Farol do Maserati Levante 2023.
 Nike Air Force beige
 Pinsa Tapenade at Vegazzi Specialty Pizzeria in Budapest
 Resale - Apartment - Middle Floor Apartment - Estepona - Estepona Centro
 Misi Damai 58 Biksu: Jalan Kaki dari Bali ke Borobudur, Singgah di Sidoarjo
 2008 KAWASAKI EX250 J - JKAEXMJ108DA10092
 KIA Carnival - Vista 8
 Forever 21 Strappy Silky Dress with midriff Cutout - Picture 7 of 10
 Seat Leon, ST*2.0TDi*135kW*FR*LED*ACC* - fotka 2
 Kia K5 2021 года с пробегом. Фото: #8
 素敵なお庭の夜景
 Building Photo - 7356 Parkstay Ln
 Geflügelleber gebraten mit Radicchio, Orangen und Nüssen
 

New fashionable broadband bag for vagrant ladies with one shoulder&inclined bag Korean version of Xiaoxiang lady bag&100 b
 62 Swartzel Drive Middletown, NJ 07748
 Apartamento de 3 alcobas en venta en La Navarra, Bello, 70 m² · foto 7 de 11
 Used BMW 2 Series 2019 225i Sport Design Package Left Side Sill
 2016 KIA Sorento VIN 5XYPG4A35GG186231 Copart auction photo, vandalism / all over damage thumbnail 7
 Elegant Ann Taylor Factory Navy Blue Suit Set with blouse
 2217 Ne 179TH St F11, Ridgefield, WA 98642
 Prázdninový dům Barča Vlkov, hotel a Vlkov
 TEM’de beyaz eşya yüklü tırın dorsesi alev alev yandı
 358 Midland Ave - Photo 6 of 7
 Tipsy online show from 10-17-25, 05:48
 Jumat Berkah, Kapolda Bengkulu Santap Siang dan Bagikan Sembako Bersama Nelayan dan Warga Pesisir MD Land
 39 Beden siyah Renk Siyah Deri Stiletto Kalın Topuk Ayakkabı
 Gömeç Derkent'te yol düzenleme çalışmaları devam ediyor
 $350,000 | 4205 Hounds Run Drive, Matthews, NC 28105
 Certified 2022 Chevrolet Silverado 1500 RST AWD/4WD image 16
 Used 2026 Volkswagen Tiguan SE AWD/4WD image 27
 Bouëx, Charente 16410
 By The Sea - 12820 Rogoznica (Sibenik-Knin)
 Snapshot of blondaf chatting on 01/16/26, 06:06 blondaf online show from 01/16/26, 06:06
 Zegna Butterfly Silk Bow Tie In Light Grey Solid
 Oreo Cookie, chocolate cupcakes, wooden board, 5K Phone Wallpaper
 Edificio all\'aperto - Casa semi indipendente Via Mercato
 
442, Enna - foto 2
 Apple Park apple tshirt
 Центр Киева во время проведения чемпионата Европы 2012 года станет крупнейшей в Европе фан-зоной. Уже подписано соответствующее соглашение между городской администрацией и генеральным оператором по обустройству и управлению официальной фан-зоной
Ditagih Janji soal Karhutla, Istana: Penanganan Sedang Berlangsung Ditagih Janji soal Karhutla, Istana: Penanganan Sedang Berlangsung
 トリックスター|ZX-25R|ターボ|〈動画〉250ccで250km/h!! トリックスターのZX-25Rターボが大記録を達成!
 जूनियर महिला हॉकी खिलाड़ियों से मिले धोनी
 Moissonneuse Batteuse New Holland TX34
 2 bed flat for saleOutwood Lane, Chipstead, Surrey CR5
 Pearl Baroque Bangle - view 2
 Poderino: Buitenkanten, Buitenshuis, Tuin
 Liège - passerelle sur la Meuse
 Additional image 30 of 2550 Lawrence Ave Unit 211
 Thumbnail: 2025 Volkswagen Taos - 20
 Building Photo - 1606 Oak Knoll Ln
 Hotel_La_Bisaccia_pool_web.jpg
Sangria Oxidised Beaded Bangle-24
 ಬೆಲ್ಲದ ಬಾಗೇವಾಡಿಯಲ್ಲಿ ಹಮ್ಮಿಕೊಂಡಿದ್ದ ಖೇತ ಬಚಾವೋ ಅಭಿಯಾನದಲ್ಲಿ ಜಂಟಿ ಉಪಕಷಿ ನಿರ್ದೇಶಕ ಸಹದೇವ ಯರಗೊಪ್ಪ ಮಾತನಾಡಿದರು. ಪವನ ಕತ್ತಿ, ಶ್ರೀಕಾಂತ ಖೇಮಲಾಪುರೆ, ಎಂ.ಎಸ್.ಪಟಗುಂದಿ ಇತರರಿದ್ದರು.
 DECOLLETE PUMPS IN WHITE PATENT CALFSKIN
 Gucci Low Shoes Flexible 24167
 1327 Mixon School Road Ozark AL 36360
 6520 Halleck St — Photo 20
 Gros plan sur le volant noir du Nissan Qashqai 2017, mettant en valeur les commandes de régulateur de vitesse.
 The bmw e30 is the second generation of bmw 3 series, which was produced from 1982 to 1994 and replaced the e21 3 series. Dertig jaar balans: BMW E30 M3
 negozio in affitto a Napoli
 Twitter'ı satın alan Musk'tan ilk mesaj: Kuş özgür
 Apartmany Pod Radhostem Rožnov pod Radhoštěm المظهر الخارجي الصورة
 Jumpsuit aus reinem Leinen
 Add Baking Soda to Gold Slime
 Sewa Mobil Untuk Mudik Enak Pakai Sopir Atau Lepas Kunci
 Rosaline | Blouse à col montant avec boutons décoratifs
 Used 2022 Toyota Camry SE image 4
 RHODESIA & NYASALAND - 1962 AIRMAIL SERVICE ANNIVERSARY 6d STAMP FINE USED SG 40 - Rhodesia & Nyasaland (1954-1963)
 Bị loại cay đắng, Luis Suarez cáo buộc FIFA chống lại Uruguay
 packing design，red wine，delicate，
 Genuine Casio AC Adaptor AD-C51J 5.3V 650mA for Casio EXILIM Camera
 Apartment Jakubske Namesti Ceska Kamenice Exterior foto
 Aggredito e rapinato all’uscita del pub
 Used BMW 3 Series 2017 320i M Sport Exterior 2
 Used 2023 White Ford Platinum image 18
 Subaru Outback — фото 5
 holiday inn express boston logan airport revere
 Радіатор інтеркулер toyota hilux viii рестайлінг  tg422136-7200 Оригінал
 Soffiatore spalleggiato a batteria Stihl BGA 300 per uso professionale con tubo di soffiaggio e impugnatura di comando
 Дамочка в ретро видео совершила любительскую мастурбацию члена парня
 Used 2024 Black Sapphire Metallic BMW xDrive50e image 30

—————

● **AIM OF THE TASK**: In the entries above, find each line with the word "image" and show it.

● **EXERCISE OUTPUT**:
 Certified 2022 Chevrolet Silverado 1500 RST AWD/4WD image 16
 Used 2026 Volkswagen Tiguan SE AWD/4WD image 27
 Additional image 30 of 2550 Lawrence Ave Unit 211
 Used 2022 Toyota Camry SE image 4
 Used 2023 White Ford Platinum image 18
 Used 2024 Black Sapphire Metallic BMW xDrive50e image 30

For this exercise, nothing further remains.